Lui, invece, la vista l’ha persa a 21 anni a causa di un incidente stradale mentre era alla guida della sua auto in una strada di montagna dell’Alto Adige. Un camion ha svoltato a sinistra proprio mentre Bianco lo stava sorpassando. A bordo anche l’allora fidanzata Lara, ora sua moglie, uscita illesa. Disperate invece le condizioni di Bianco: frattura della base cranica, degli zigomi, del palato, del mento, del setto nasale, dei denti, edema ed ematoma cerebrale, schiacciamento polmonare, frattura delle costole, del femore sinistro in dieci pezzi, dei malleoli, schiacciamento del nervo sciatico, rottura dell’arteria giugulare. L’ospedale di Bolzano non era attrezzato quindi è stato trasferito a Verona dove, dopo venti di coma e quattro mesi di ricovero, è stato dichiarato fuori pericolo di vita.

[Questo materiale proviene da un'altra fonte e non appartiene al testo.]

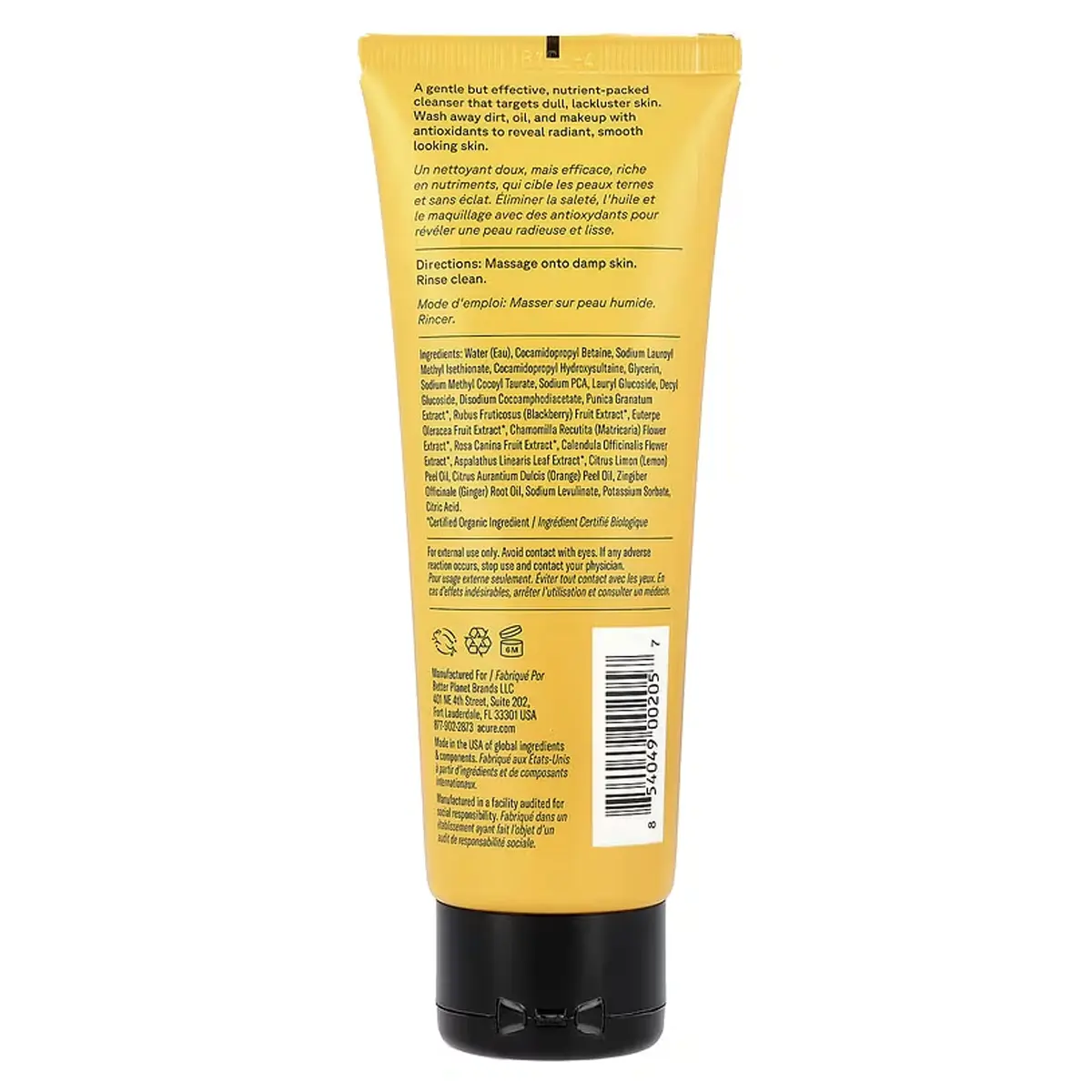 Acure Brightening Cleansing Gel 118 ml - view 4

Ma l’ematoma e l’edema cerebrale avevano danneggiato i nervi ottici compromettendo irrimediabilmente la vista.
Ma non per questo ha detto addio ai suoi sogni e alla sua indole: già da piccolo aveva scoperto di avere una predisposizione artistica e, seppure avrebbe voluto frequentare l’idoneo liceo, non ha potuto farlo perché la città di Bolzano ne era sprovvista. Un sogno chiuso nel cassetto per qualche anno ma riaperto dopo l’incidente, quando ha scoperto che esistevano corsi in cui veniva insegnato ai non vedenti come lavorare l’argilla. Da lì è passato a lavorare prima il marmo e poi il legno, seppure con qualche difficoltà perché quasi nessuno se la sentiva di mettere nelle mani di un non vedente attrezzi come le sgorbie, gli scalpelli e le raspe.
Ma Bianco non si è lasciato condizionare. Giorno dopo giorno ha affinato la tecnica e oggi è tra gli scultori italiani più apprezzati. Realizza prevalentemente figure femminili, essenziali e dal corpo allungato, perché come spiega lui stesso sul suo sito web “vogliono invitare il visitatore ad innalzare lo sguardo. Ritengo che ogni forma, ogni persona, ogni animale, ogni cosa può ricondurre al Nostro Signore, quando lo si guarda con cuore aperto. Mi piace mantenere le “mani libere” e realizzare ciò che sogno, che sento e che desidero. Mi lascio influenzare da incontri, situazioni, viaggi. Amo confrontarmi con altri artisti e scambiarci idee”. Il riferimento alla fede si ritrova anche nei suoi lavori. Tra le sue opere più celebri compare infatti un volto di Cristo in argilla su una base di marmo dal nome “Ecce Homo secondo la Sindone”. L’ha realizzato nel 2021 e si trova oggi nel museo della Sindone presso l’istituto Regina Apostolorum di Roma.
Andrea Bianco incarna il vero concetto di resilienza: mai lasciarsi sopraffare delle difficoltà. Anzi, spesso occorre cavalcarle così da riuscire a raggiungere mete considerate inarrivabili.